Yoga Is Nothing but to Be!

Yoga Is Nothing but to Be!

By Yves Panneton CYA-E-RYTGOLD

Become who you are. 

— Friedrich Nietzsche

When I saw the theme for the newsletter, I was excited and I could not wait to sit down to write a short article. Once in front of my computer, I just stared at my blank page. Suddenly, I did not know how to approach the topic.

Karma Yoga 

The first thing that came to my mind was Karma Yoga. It seemed the most natural link between yoga and being involved in the world. I was going to say that it is the most accessible yoga yet probably the most difficult. I would have explained that the most important challenge stems from the fact that karma yogis do things for the sake of doing them; they act because their intervention is needed in the here and now; and they intervene notwithstanding what the yogi wants, or may benefit from, or may lose from his/her actions. 

Bhakti Yoga

Then I thought it would not reach those who have a strong faith. So, I considered writing the piece on Bhakti Yoga. I was going to explain that being actively involved in the world is like serving God in the temple. The difference being that instead of making offering to a representation of God in a shrine, the bhakti yogi superimposes God over the world, and all actions in the world are regarded as offerings to God. I would have explained that the bhakti yogi sees himself/herself as the flute Krishna uses to play the music that keeps the Gopis dancing. I would have said that bhakti yogis can opt for various relationships with God. They can see God as a friend like Krishna and Arjuna; as a lover like Krishna and Radha; or as a parent looking after baby Krishna. I would have finished by saying that the main driver for action in Bhakti is love and compassion for others. 

Jnana Yoga

I was afraid to lose those in search of meaning. Then I was thinking of relating the theme to Jnana Yoga or the yoga of knowledge. I would have explained that in this form of yoga, the world is seen as a dynamic expression of Brahman, the Hindu Godhead. I would have said that the universe is in continuous motion; that actions in the world are referred to as sacrifice; and I would have given the example of rain falling from the clouds, which give without worrying if they cause a flood or help flowers to grow. I would have said that our actions are similar because, despite all our good intentions, we cannot be secure in the knowledge that we will achieve the good we had in mind. I would have said that the universe in motion is called Brahman’s Lila or cosmic play. I would have concluded by saying that our purpose in life is solely to partake in Brahman’s Lila. Only our contribution matters and whether we achieve success or not is irrelevant.

Raja Yoga

I then realized I could combine the three forms of yoga in one! So I was about to write about Raja Yoga. I was going to explained that the yamas and niyamas are guidance to properly behave in all the situations we encounter and as such they could relate to Karma Yoga. I would have said that the injunction of surrendering to the divine can be related to Bhakti Yoga and the injunction of studying the scriptures can be related to Jnana Yoga. I was so happy, I felt I was almost there.

Hatha Yoga

Then I thought wait a minute! What about Hatha Yoga? After all, it is the form of yoga we are the most familiar with. I could have explained that the limbs of asana and pranayama in Raja Yoga allude to Hatha Yoga but it would not have linked it with the theme of action in the world. I realized I would have to explain that Hatha Yoga is a tantric practice that rests on the yamas and niyamas — that they are different than the ones in Raja Yoga — and it is within those that the practice of asana and pranayama are to be found. Then I would have explained that the Hatha yogi worships Siva and actions in the world are regarded as offerings to Siva. As such, Hatha Yoga is truly a form of Bhakti Yoga. I felt this would have been tricky to write.

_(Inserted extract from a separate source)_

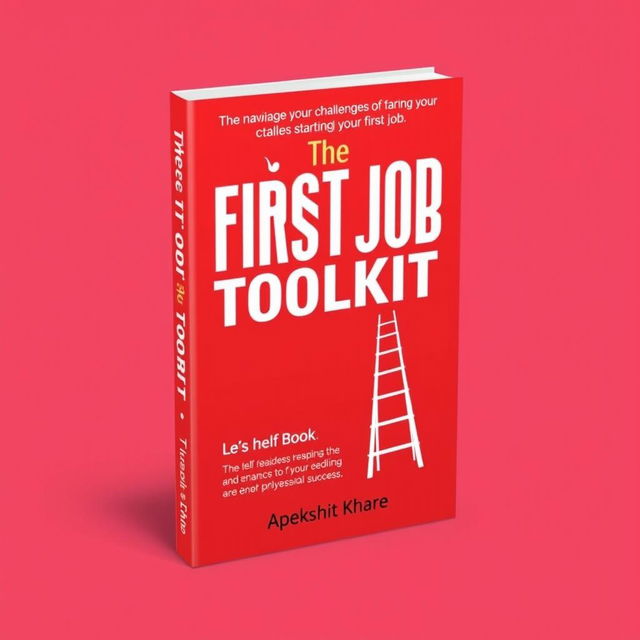 A dynamic and engaging cover design for the self-help book 'The First Job Toolkit' by Apekshit Khare, aimed at helping readers navigate the challenges of starting their first job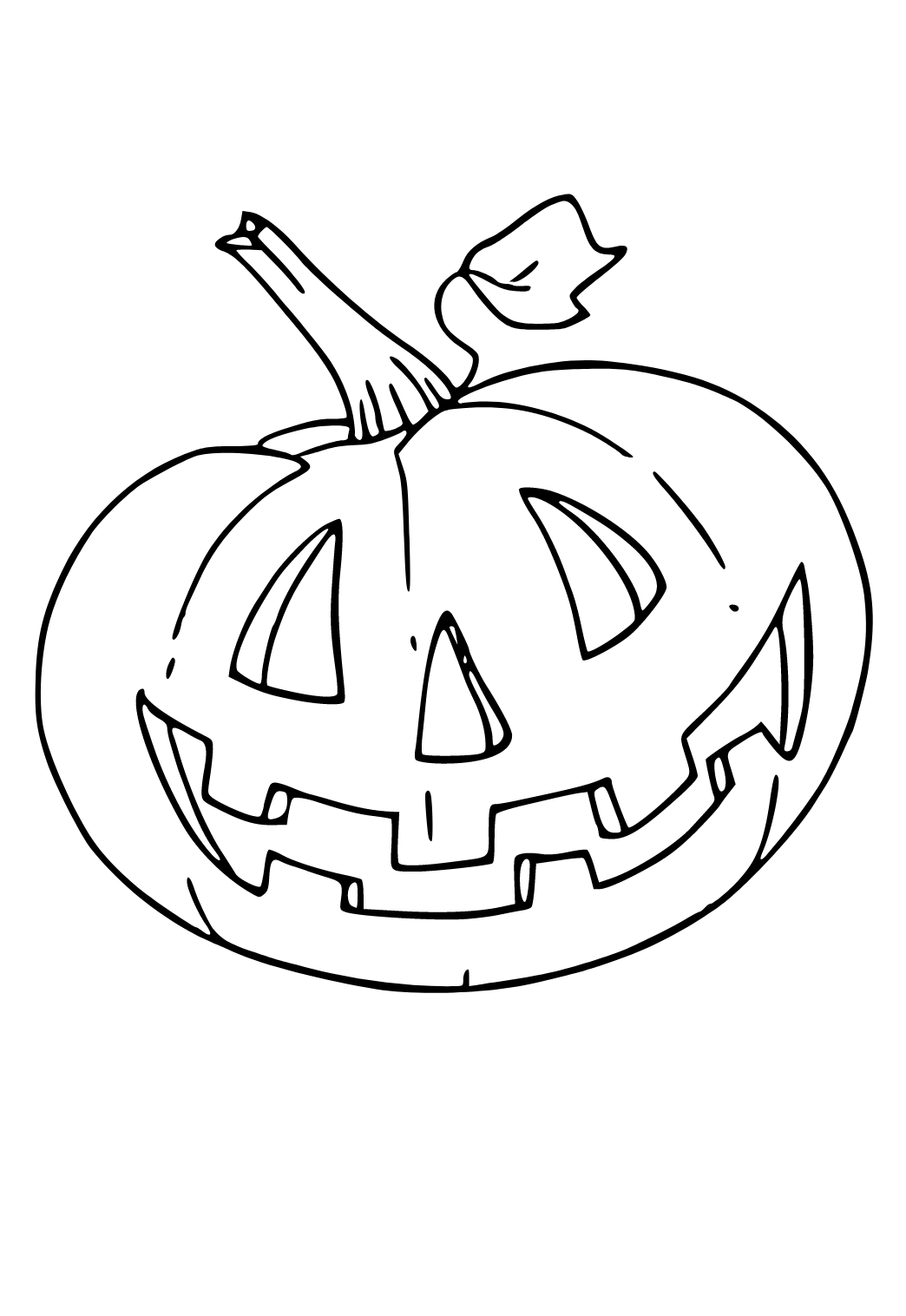Free printable pumpkin head coloring page for adults and kids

A body made in the fire of Yoga

I was getting sad as I felt I was getting nowhere. Then I thought of the analogy that we are like ships sailing on the ocean of life. I smiled and started to get a bit exited. I was thinking that I could say the practice of yoga is making us healthy and with good health we can accomplish our mission in life.

In the end…

I stalled. Mission? What mission? I looked at philosophers for inspiration. The light turned on! I am sure if we were to ask Nietzsche to explain how a yogi can be in the world, he would say that yoga is to become who we are!

Yoga is about letting our potential bloom. It is not so much about achievements as much as skills. If I want to be a doctor but cannot for one reason or another, I can be a physiotherapist, a personal care attendant or a dedicated parent looking after a sick kid. What matters is to allow my caring nature to bloom. 

All we do — be it consoling a friend or climbing Mount Everest — is yoga. If we invest all our soul, we rejoice and grow. Every achievement and failure is a celebration of life and so, in the end, I decided I would not write an article but wait anxiously to read what others have accomplished.